What diseases should be differentiated from acute laryngitis in children

What diseases should be differentiated from acute laryngitis in children

What diseases should be differentiated from acute laryngitis in children? In the early stage of acute laryngitis in children, laryngeal spasm is the main symptom, and hoarseness is usually not serious. It manifests as paroxysmal barking cough or dyspnea. Then, when the inflammation invades the subglottic area, it becomes a "hollow" and "hollow" cough. The symptoms worsen at night. It is easy to be confused with other diseases clinically. So, what diseases should be differentiated from acute laryngitis in children?

1. Acute laryngitis, trachea, and bronchitis: It is basically the same as acute laryngitis, but the condition is more serious. The inflammation extends deep into the lower respiratory tract, and the lung symptoms are also more obvious. If the secretions in the bronchus form dryness and block the lower bronchus, it can aggravate breathing difficulties.

2. Differentiate from foreign bodies in the respiratory tract: Foreign bodies in the respiratory tract are more common in children, who have a history of inhalation of unfolded foreign bodies and often develop the disease suddenly. X-rays, direct laryngoscopy and bronchoscopy can help with diagnosis.

3. Differentiation from diphtheria: Diphtheria is an acute respiratory infectious disease caused by Corynebacterium diphtheriae, characterized by fever, shortness of breath, hoarseness, barking cough, and white pseudomembranes in the pharynx, tonsils and surrounding tissues. In severe cases, myocarditis and nerve paralysis may occur, and systemic poisoning symptoms are obvious.

Laryngeal diphtheria has a slow onset, with low fever and obvious symptoms of systemic poisoning, pale complexion, mental depression, thin and rapid pulse, and often a grayish-white pseudomembrane in the pharynx. Examination of secretions can reveal diphtheria bacteria.

4. Differentiation from laryngeal spasm: It is common in small infants, with an acute onset, inspiratory laryngeal wheezing, sharp and thin tone, short duration, and symptoms that disappear suddenly, without hoarseness. It often occurs under light anesthesia and after the endotracheal tube is removed, especially after upper airway surgery in children.

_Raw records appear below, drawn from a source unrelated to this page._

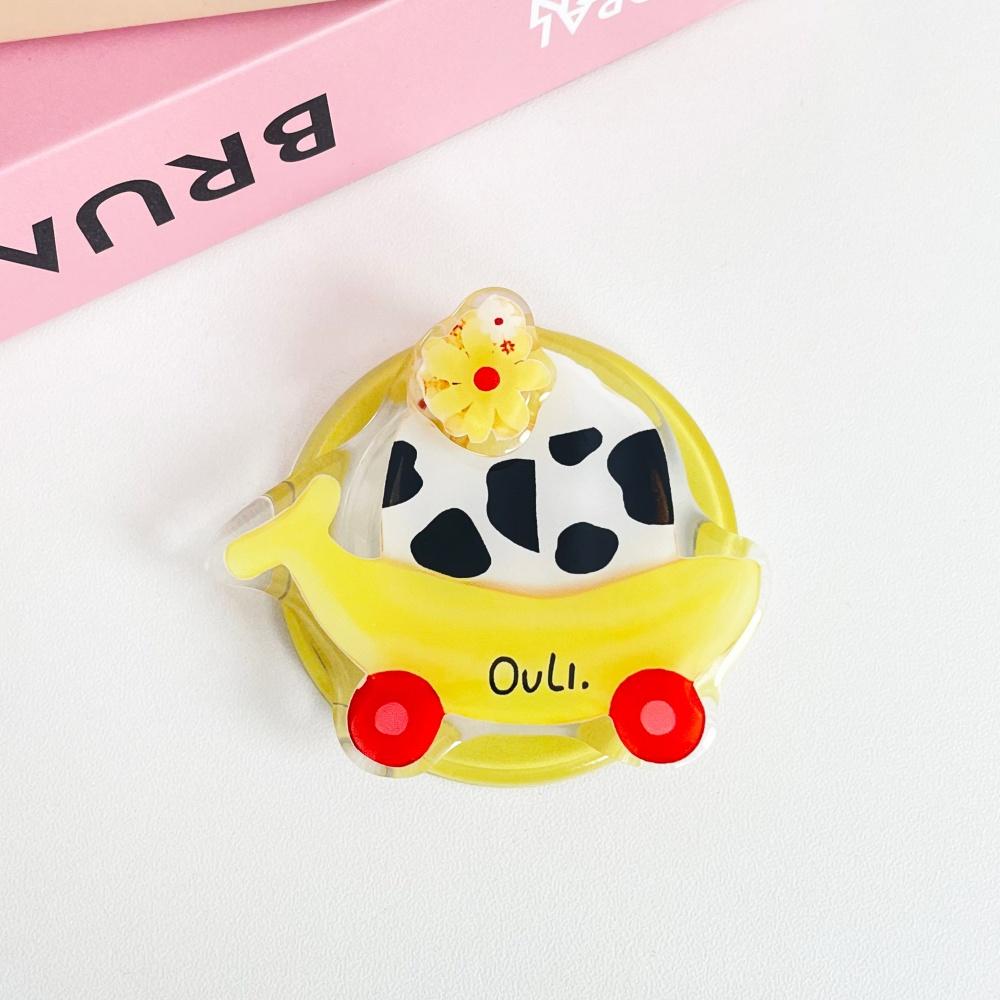 Cute Spring Picnic Party Phone Grip Stand For MagSafe Collapsible Magnetic Holder For iPhone Samsung Phone Accessories Girl Gift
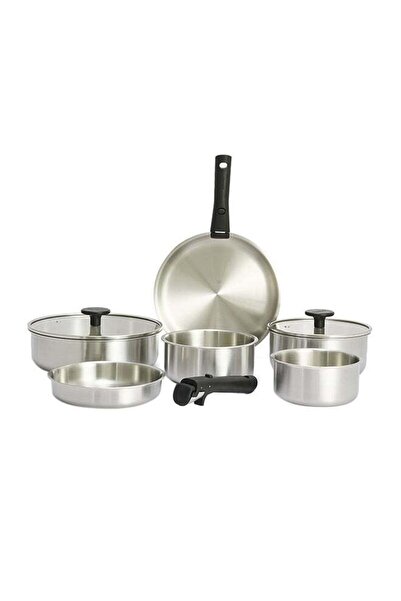 CAROTE 10 Piece Detachable Stainless Steel Cookware Set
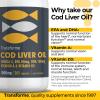Cod Liver Oil Capsules High Strength 1000mg 365 Omega 3 Softgels, EPA DHA Vitamin A, Vitamin D3, 1 Year Supply, Heart, Brain, Eye Health and Immune System Support, Gluten Free, UK Made, by Transforme view 3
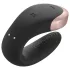 Satisfyer Double Love - vibrator za parove s daljinskim upravljačem - crni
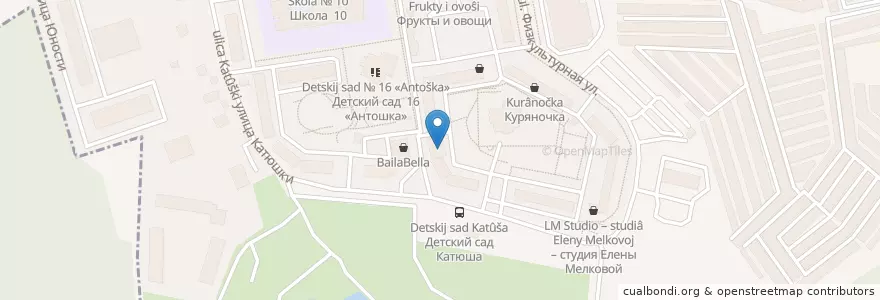 Mapa de ubicacion de Куклы и Люди en Rusland, Centraal Federaal District, Oblast Moskou, Городской Округ Лобня.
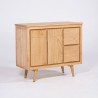 Buffet en bois naturel 105 cm - Pragati
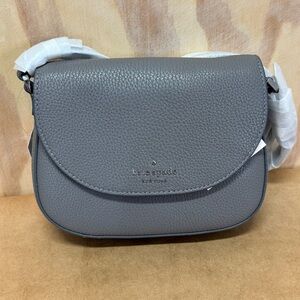 Kate Spade Mini Flap Crossbody - Hare Gray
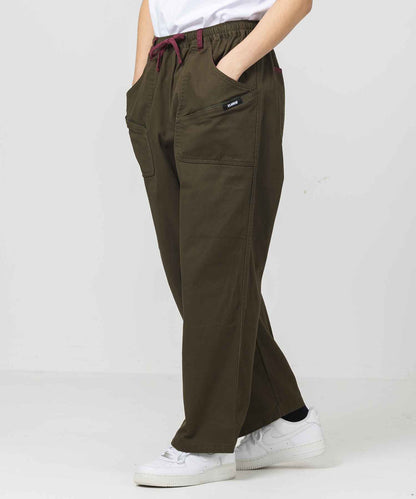 CONTRAST PIPING EASY PANT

For example, the incidence rate after tonsillectomy is about 20%.

It is generally believed that when the depth of anesthesia is too shallow to prevent laryngeal spasm reflex, secretions or blood irritating the vocal cords can cause laryngeal spasm. Oropharyngeal airway, direct laryngoscopy, endotracheal intubation and other direct irritation to the larynx can induce laryngeal spasm. Surgical operations under shallow anesthesia can sometimes cause reflex laryngeal spasm. For patients who are not fully awake from anesthesia, laryngeal spasm is most likely to occur after extubation.